From the first line to the last, repeat the data exactly and drop the pictures.

**Dataset extract:**
----
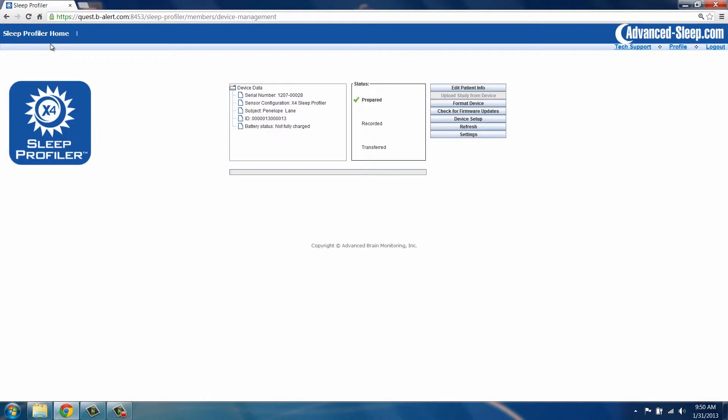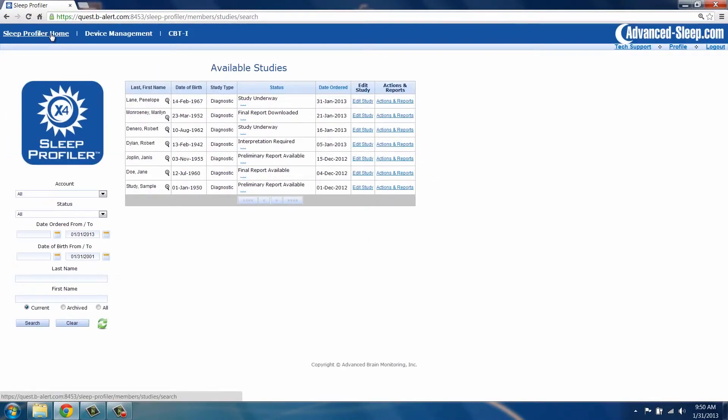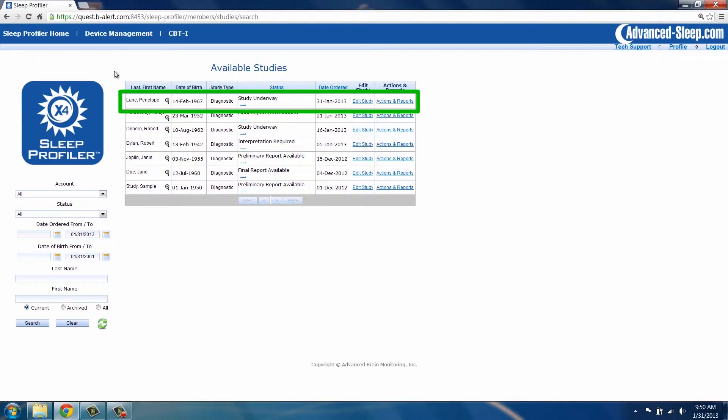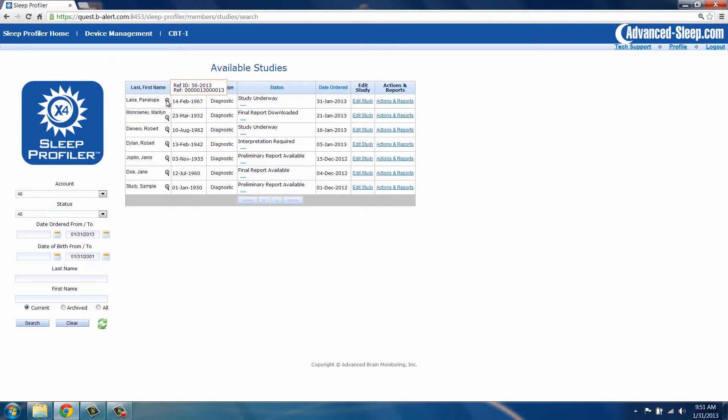Click Sleep Profiler Home. A study has now been created with the patient name and a status of study underway. To maintain patient privacy, personal information is not saved to the device. The study reference number links the study file to the patient information in the database.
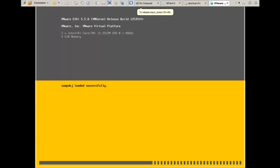I've put it on full screen so you can see the progress, but it takes some time.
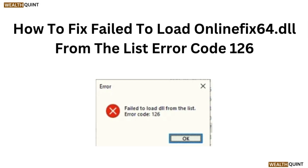Hi, welcome to our channel. In this video we will discuss how to fix 'fail to load online fix 64 DLL from the list' error code 126.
----
**Task solution:**
Click Sleep Profiler Home. A study has now been created with the patient name and a status of study underway. To maintain patient privacy, personal information is not saved to the device. The study reference number links the study file to the patient information in the database.
I've put it on full screen so you can see the progress, but it takes some time.
Hi, welcome to our channel. In this video we will discuss how to fix 'fail to load online fix 64 DLL from the list' error code 126.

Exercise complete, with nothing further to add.